Il retrouve tous ses copains mais surtout Artair dont le père, M. Maccines, a perdu la vie en sauvant celle de Fin lors d'une expédition contre les oiseaux. Il a épousé Marsaili, le premier amour de Fin, celui qu'on n'oublie pas. Il la rencontre à nouveau, se demande si elle pense encore à lui, fait connaissance de son fils qui porte le même prénom que lui, sympathise avec lui, refait à l'envers un chemin qu'il croyait définitivement oublié, se demande dans son for intérieur si ce garçon n'a pas quelque chose de lui, une parenté jusque là inconnue... Cela aussi risque de bouleverser les choses établies depuis tant d'années... Mais le temps a passé, les choses se sont figées dans un quotidien apparemment immuable, irréversible, violent aussi... Cette enquête remettra en cause bien des vérités établies, bien des certitudes et il faudra que Fin accepte d'entendre et d'admettre ce qui n'était pas pour lui des évidences, qu'il aille au devant de lui-même, assume ses souvenirs personnels, ses attachements, ses certitudes ... Pourtant, iI n'est pas venu là par hasard mais est victime d'un règlement de compte personnel, manipulé par le tueur qui s'apprêtait à nouveau à tuer...
Il est bien des gens pour affirmer que la littérature policière tient un rang mineur dans la création littéraire qu'on écrirait volontiers avec une majuscule.
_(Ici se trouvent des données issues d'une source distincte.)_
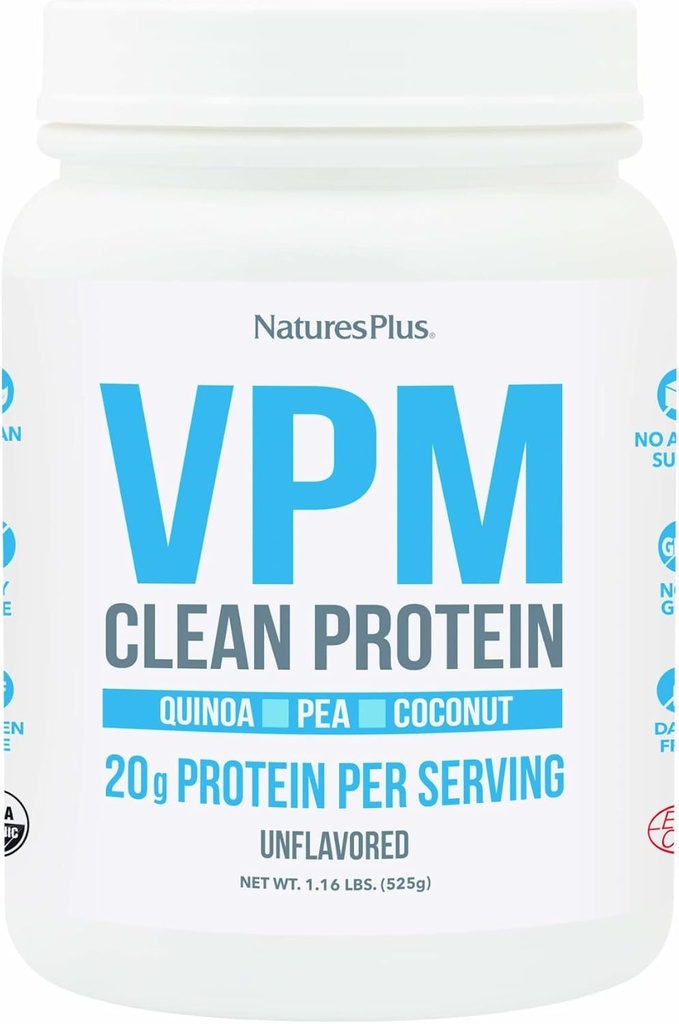 Natures Plus VPM Proteína, Desarrollada - 1.16 libras - con Quinoa, Pea &amp; Coconut Protein - Orgánico, Vegan, Soy &amp; Gluten Gratis - 15 Servings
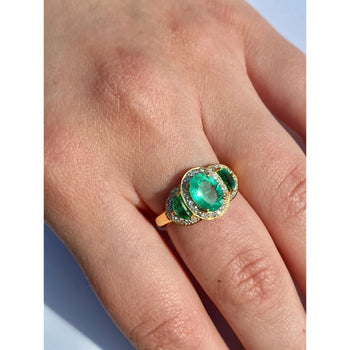 1.25 Carat Oval Colombian Emerald & Diamond Halo Three Stone Ring – Assay Jewelers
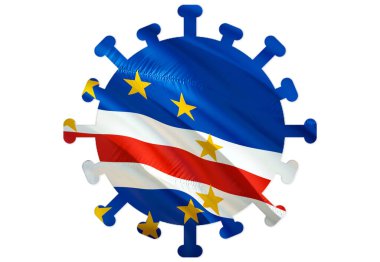 Cape Verde 'de Coronavirus Sembolü. Roman Coronavirus (2019-nCoV). Coronavirus SARS-CoV-2 karantinası. Cape Verde konseptinde Coronavirus tehlikesi ve enfeksiyonu. 3D Corona virüsü oluşturuluyor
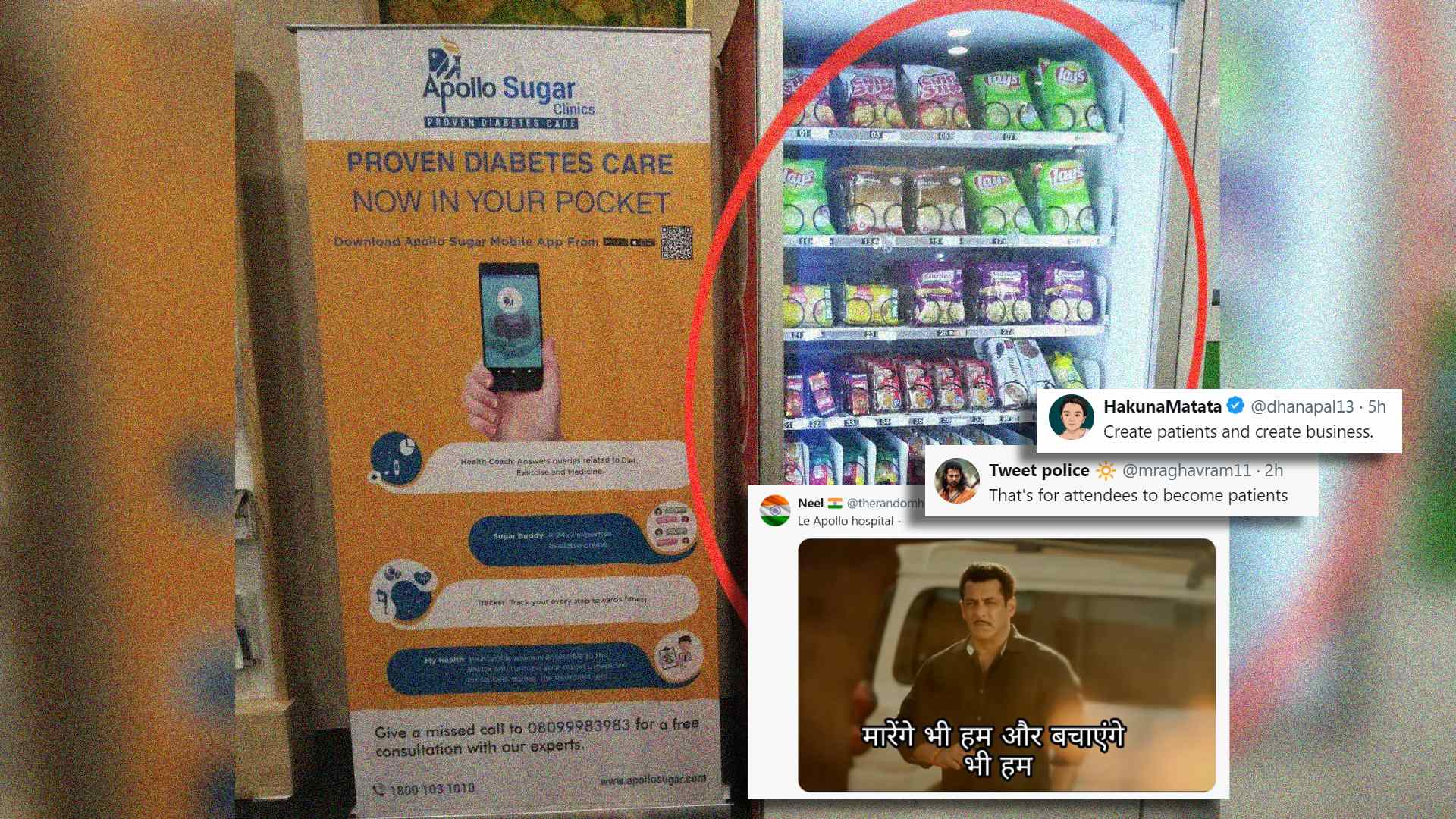 Chips Vending Machine Beside Diabetes Poster Triggers Internet: Its For Attendees To Become Patients [Video]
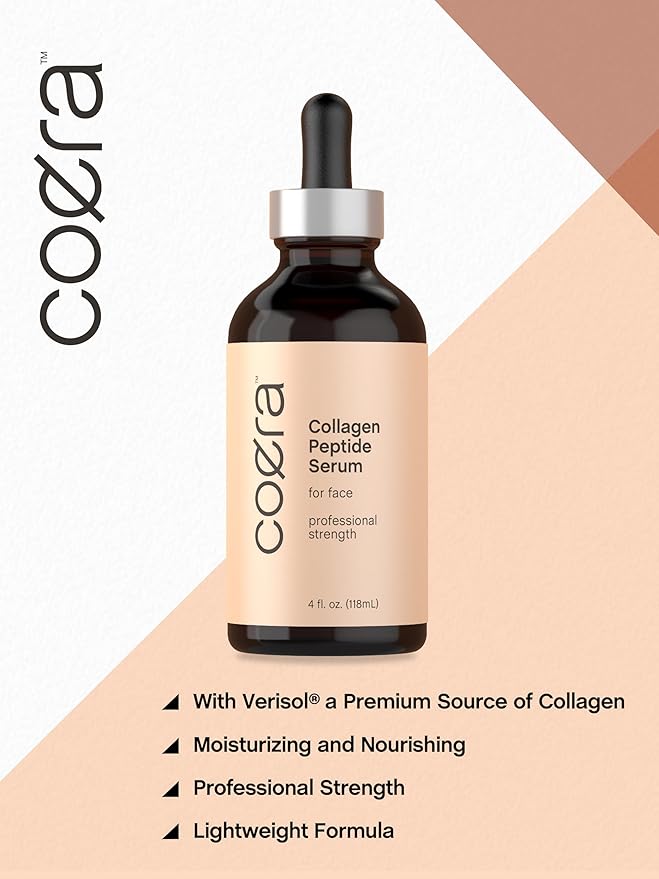 Coera Collagen Serum for Face | 4 fl oz | with Verisol | Professional Strength Peptide Formula | Free of Parabens, SLS, & Fragrances | Packaging May Vary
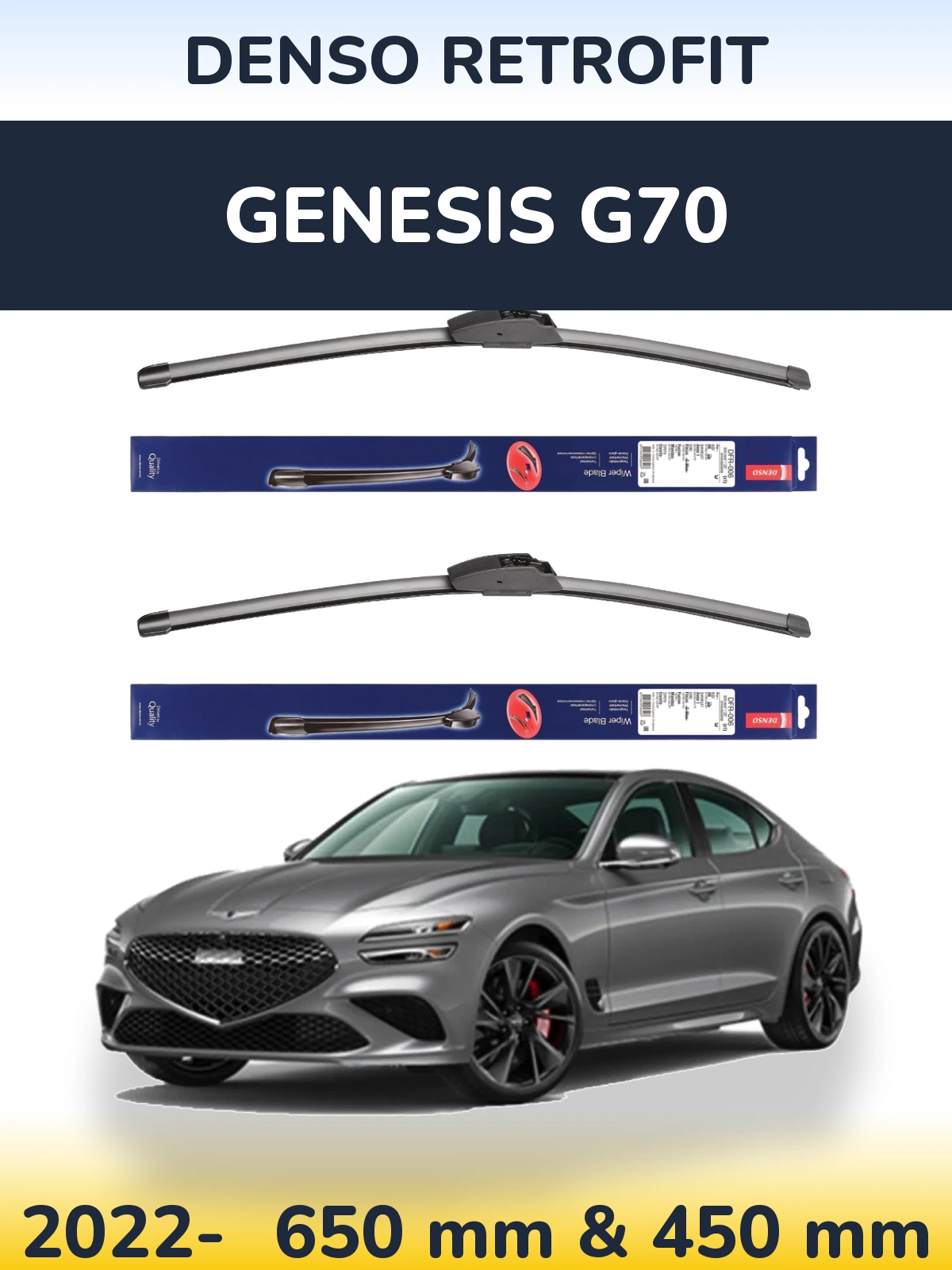 Komplet przednich wycieraczek Denso Retrofit 650 & 450 mm do Genesis G70 2022-2026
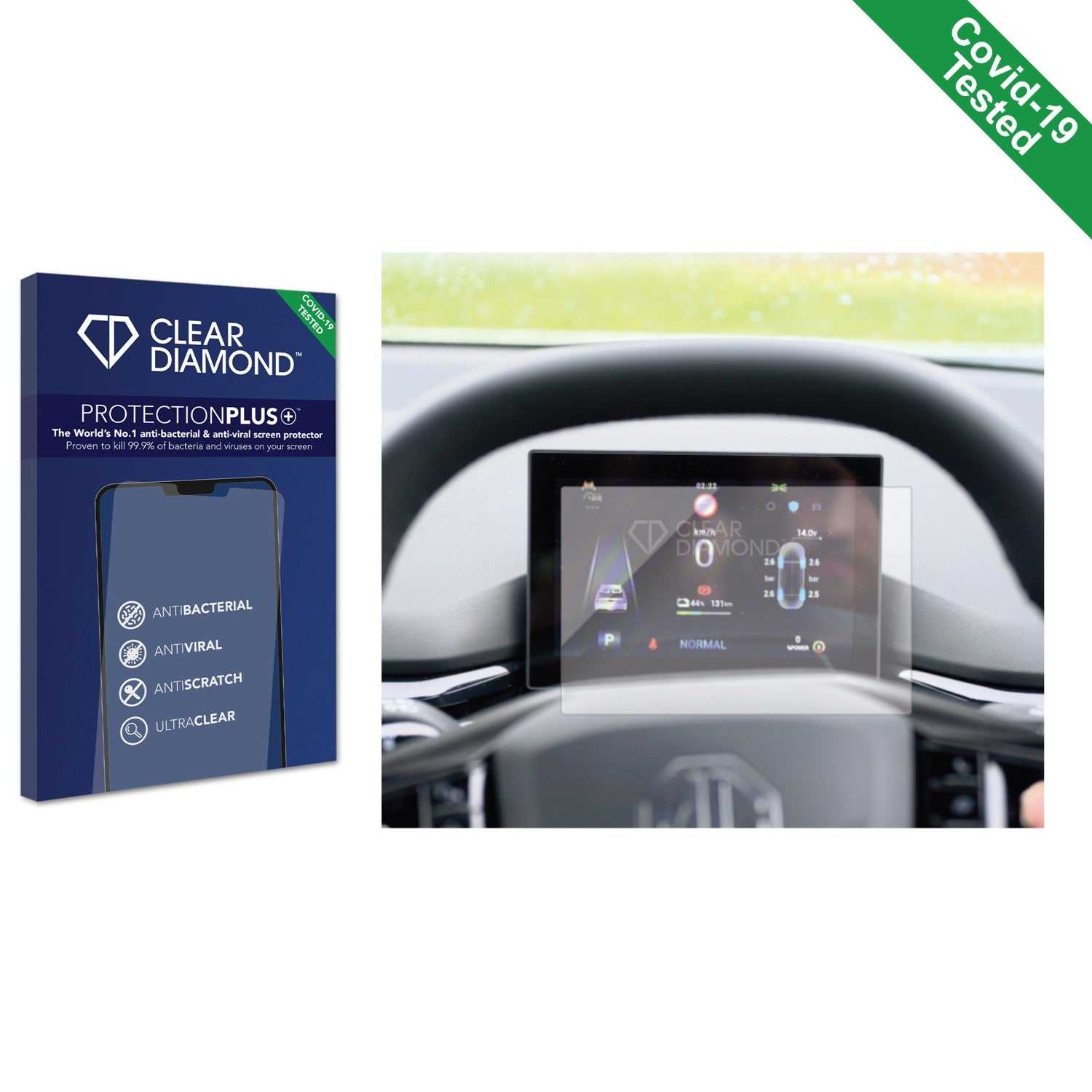 ScreenShield, Clear Diamond Anti-viral Screen Protector for MG4 Excite 2023 - Drivers Display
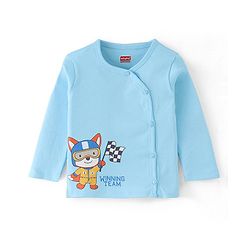 Babyhug 100% Cotton Knit Antibacterial Full Sleeves Front Open Jhablas Race Print Pack of 3 - Multicolour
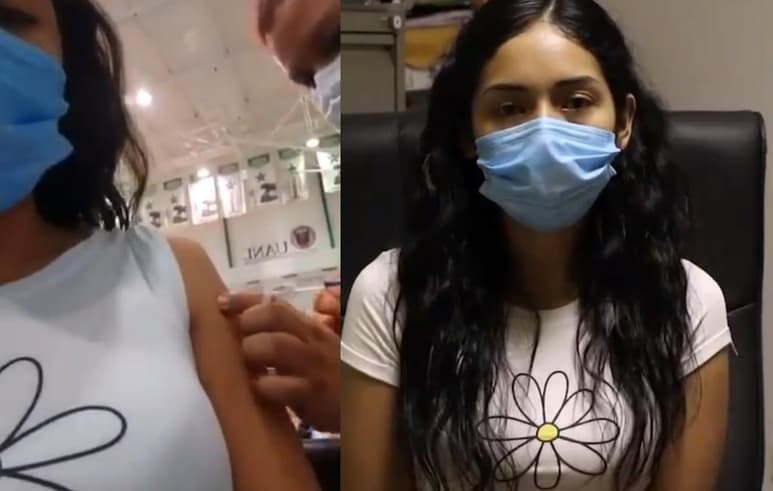 Las imágenes difundidas en redes despertaron inquietud entre el público al surgir la duda si la maestra realmente había sido vacunada (ESPECIAL)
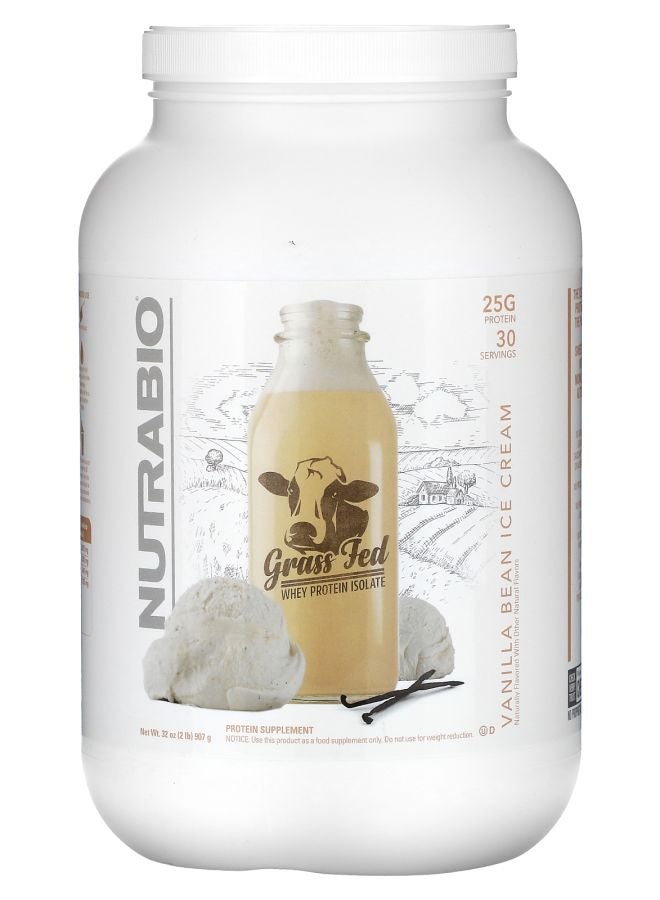 NutraBio Grass Fed Whey Protein Isolate Vanilla Bean Ice Cream 2 lb (907 g) - Image 1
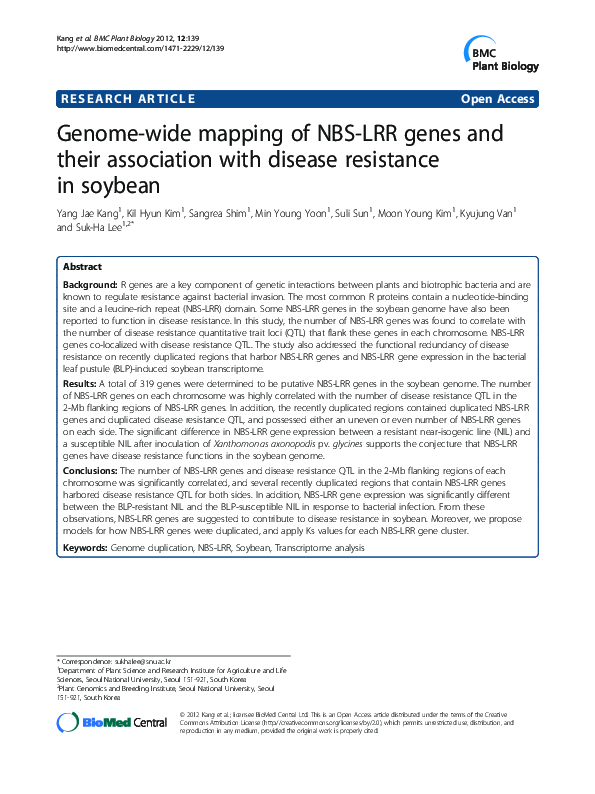 (PDF) Genome-wide mapping of NBS-LRR genes and their association with ...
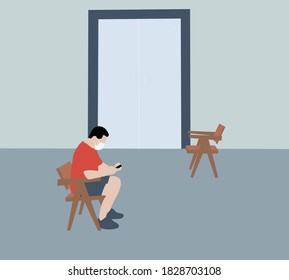 Man queuing for doctor with face mask and using his smart phone in waiting room of a hospital .Covid 19 Virus Prevention And Medical Treatment Concept.
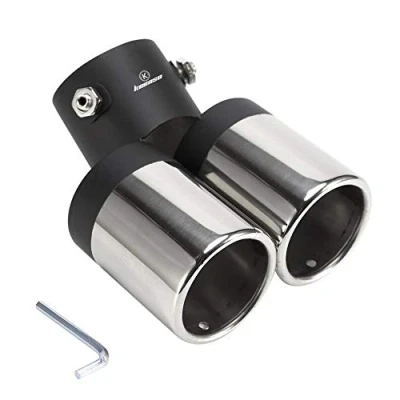 Abbildung von Keenso Auto Auspuffrohr Schalldämpfer, Universal Edelstahl Auspuff Endrohr Schalldämpfer Doppelrohr Gebogenes Auspuffrohr(55x62x160mm)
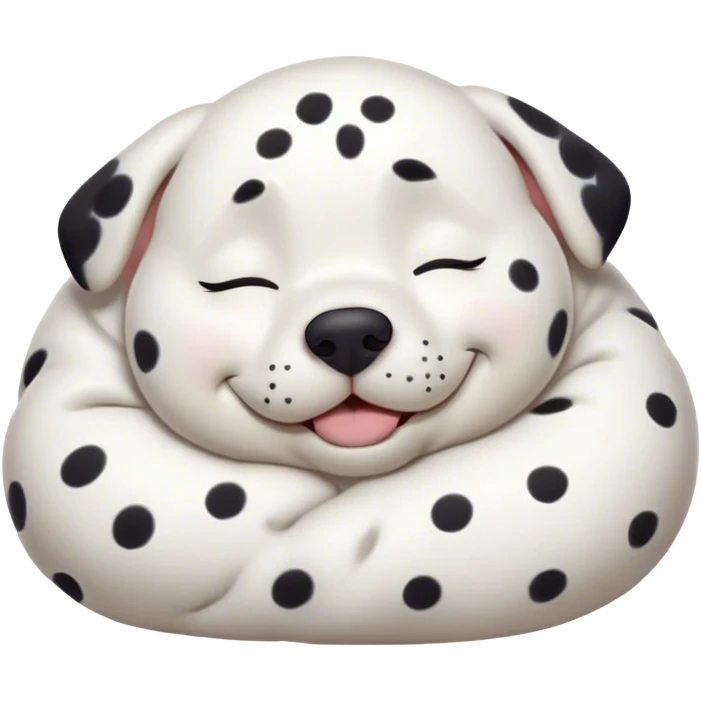 Cinematic Meme-Worthy Chubby Sleeping Dalmatian Portrait Emoji, Head resting peacefully with a contented smile, showcasing a delightfully chubby build and a luxuriously soft white coat with bold black spots, eyes shut in a serene nap, Simplified yet hilariously adorable features, highly detailed, glowing with a soft, drowsy light, high shine, relaxed and utterly lovable, stylized with an air of playful laziness, bright and heartwarming, soft glowing outline, capturing the essence of a comically sleepy Dalmatian, so meme-worthy it feels like it could instantly become the next viral sensation of adorable slumber! emoji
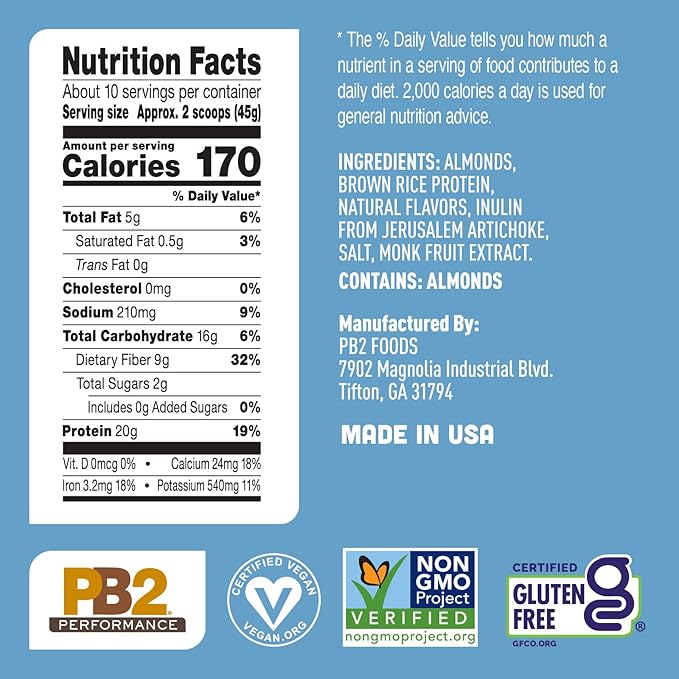 PB2 Performance Almond Plant Based Vegan Protein Powder | 20g Complete Protein, No Added Sugar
Pourtant si le roman policier plait, c'est sans doute parce qu'il endosse un tas de fantasmes humains. L'écriture en est parfois moins étudiée, moins ciselée, plus populaire, on y met souvent du sexe, de la violence, du sang, probablement pour marquer la différence avec des fictions plus intellectuelles... J'ai toujours pensé que, plus que d'autres forme d'arts peut-être, la fiction policière nous rappelle que nous sommes mortels, que les hommes ne sont ni aussi bons ni aussi humains que des générations de philosophes ont tenté de nous le faire croire. Elle est, au moins autant que les autres, et malgré le fait qu'on la relègue volontiers au rang de lecture estivale, le miroir de la condition humaine.
Dans un style agréable à lire, plein d'émotions et d'évocations de ce coin de terre un peu perdu et désolé, l'auteur, malgré de nombreuses digressions, retient l'attention de son lecteur jusqu'à la fin, avec un sens consommé du suspense. Ce roman a été pour moi un bon moment de lecture.